The Manuscript “Melódía” and foreign music in Iceland in the 16th and 17th centuries
The Icelandic music manuscript known as “Melódía” contains 223 songs and is the most important source for music in Iceland in the seventeenth century. The manuscript’s heading suggests that its contents are foreign songs, but their origins have largely been shrouded in mystery. In recent years, it has been discovered that many of them derive from printed songbooks from continental Europe, mostly Germany and France. In the lecture, Árni Heimir Ingólfsson will discuss the manuscript and his research on it. He will focus on a new discovery regarding a song that turns out to be a motet by one of the most renowned Netherlandish composers in the mid-sixteenth century.

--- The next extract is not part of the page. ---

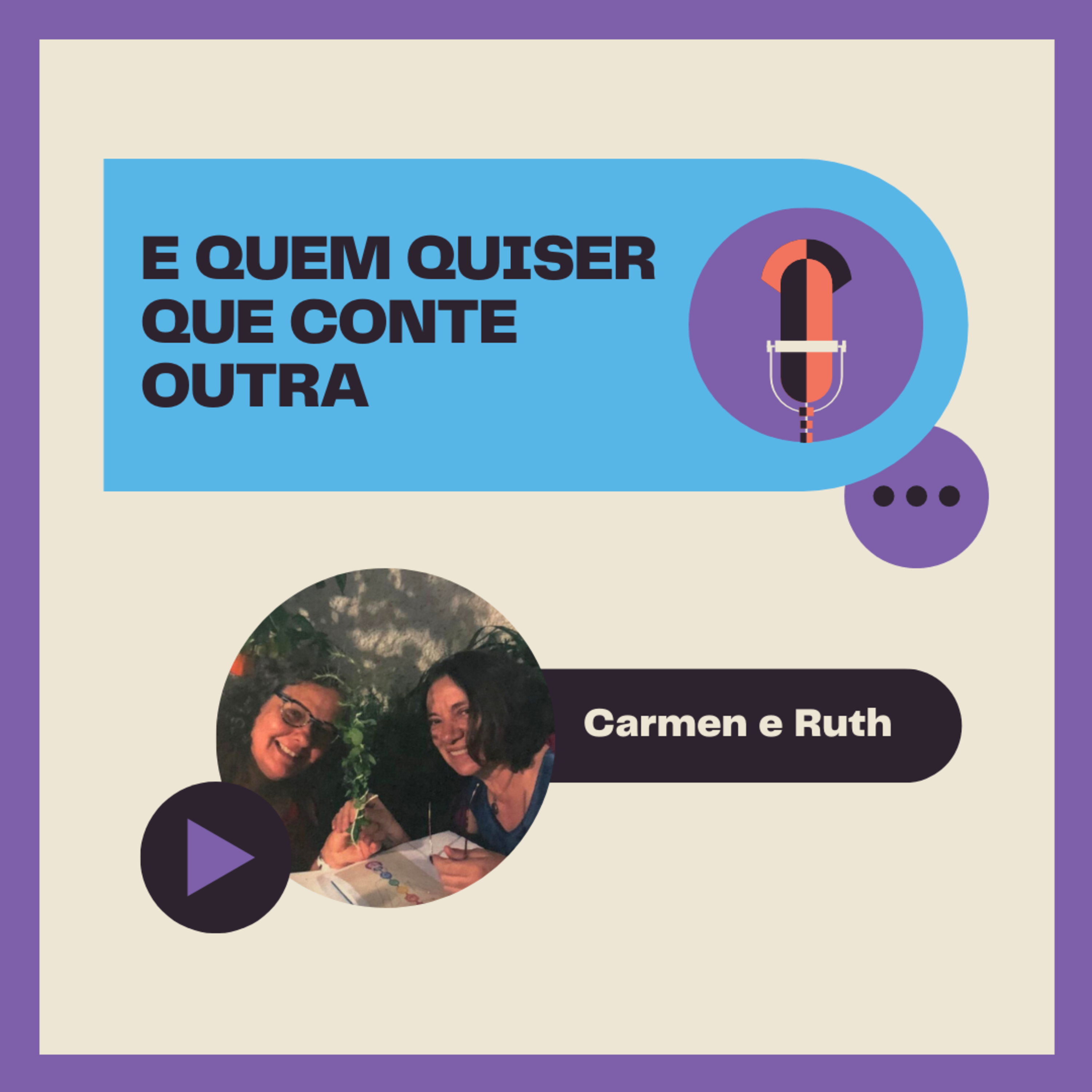 E quem quiser que conte outra... - Mulheres episode artwork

Árni Heimir Ingólfsson is a musicologist and artistic advisor at the Iceland Symphony Orchestra. He has written four books on music, all of which have been widely praised. His most recent book, on Icelandic music manuscripts from 1100–1800, was nominated for the Hagthenkir Book award; he has twice received the Icelandic Music Award and twice been nominated for the Icelandic Book Award. Árni Heimir completed his PhD in historical musicology at Harvard University and has held the positions of Associate Professor and later Visiting Professor at the Iceland University of the Arts. He has been Visiting Scholar at Oxford and Boston Universities,
and has lectured widely on music, including in the United States, Great Britain, Sweden, Switzerland, and Japan. He was a Visiting Fellow at Yale University during the 2019–20 academic year.